I have been playing with some of the shootout functions and trying to get decent results with newlisp. Here is the fastest implementation I have so far for the sieve of eratosthenes:
(define (sieve size , flags total)
(set 'flags (array (+ size 1))
'total 0)
(for (i 2 (- size 1))
(when (not (flags i))
(for (k (+ i i) size i (> k size))
(nth-set (flags k) 1))
(inc 'total)))
total)
(define (m n)
(* (pow 2 n) 10000))
(for (i 9 7)
(let (n (m i))
(println (format "Primes up to %8d %8d" n (sieve n)))))
It's roughly the same as the incrementing algorithm in the nsieve programs on the shootout site. I'm able to run it in around 20 seconds on my machine (which is pretty fast). The PHP implementation runs quite a bit faster than that. That shouldn't be right... PHP isn't really optimized for this kind of work. Any ideas on how to speed this up?[/code]
14 seconds here...
(iMac 2GHz Core Duo)
for comparison, the Ruby version (//http://shootout.alioth.debian.org/gp4/benchmark.php?test=nsieve&lang=ruby&id=1) took 48 seconds.
I don't see any obvious ways to improve it...
Lutz used character vectors and cpymem for his... //http://www.newlisp.org/syntax.cgi?benchmarks/nsieve.newlisp.txt
To really optimise code , you have to use "small iron" cpus to see the problems ;)
I tried nsieve on an old Win98 laptop (48mb ram 120 mhz) machine with PHP 5.2.2, LUA 5.1, and Python 2.5...
-------
->"C:Program Filesphp5php.exe" test.php
Primes up to 10000 1229
Primes up to 0 0
Primes up to 0 0
------
->"C:Lualua5.1.exe" test.lua
Primes up to 40000 4203
Primes up to 20000 2262
Primes up to 10000 1229
------
->C:Python25PYTHON.EXE test.py
Traceback (most recent call last):
File "test.py", line 18, in <module>
nsieve((1 << (int(sys.argv[1]) - k)) * 10000)

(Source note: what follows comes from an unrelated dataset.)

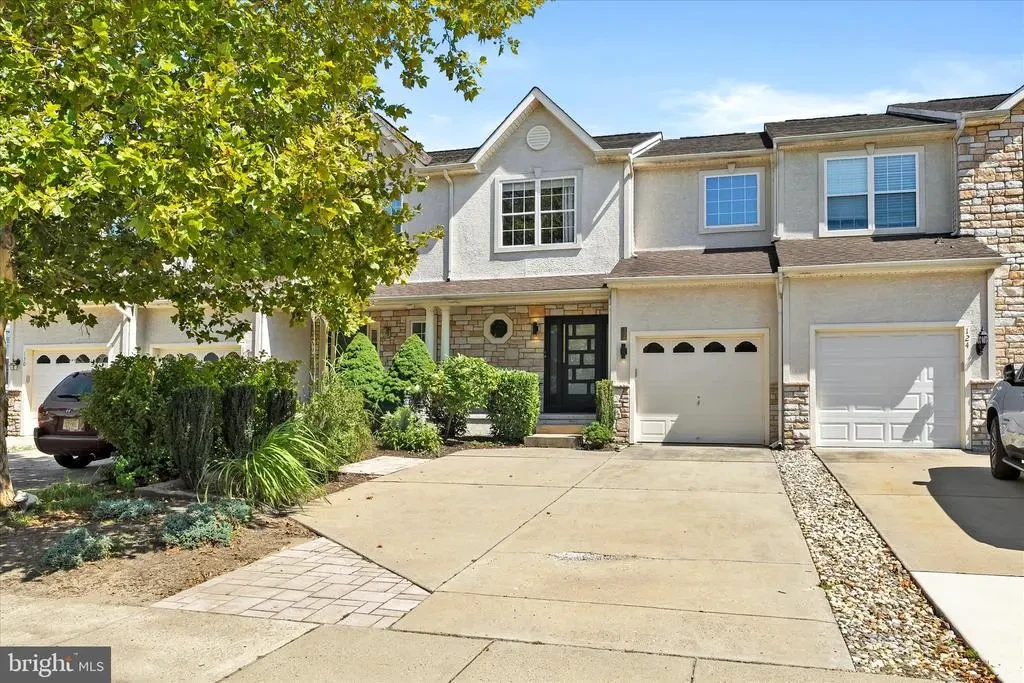 126 Sequoia Dr, BERLIN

IndexError: list index out of range
------
PHP and Lua both loaded and ran in a few seconds... Until hitting memory limits and returning partial results...
Python crashes, I think for not being able to solce the problem due to lack of memory space... Required indentation makes copy and paste Python programming at best a time consuming pain and at worst, a dangerous practice!
Your newLISP code Jeff, "runs forever" at 100% CPU usage, I killed it after 10 minutes... It continually accesses the hard drive to use the hard drive virtual memory... (The functional language/VN disk thrash record on this machine is held by PLT Scheme's Dr. Scheme IDE, which takes almost 50 minutes to load and run!)
So you might be having memory "juggling" issues that don't show up on large memory machines, but requires more time than expected for your code to execute...
Swans and Lisp(s) look gracefully smooth on the surface, while paddling like heck under the surface!
-- xytroxon
Well, look at the numbers. It's making arrays of 512 * 10000 elements. Run it with smaller sizes and multiply the results. The array is used for constant access speeds.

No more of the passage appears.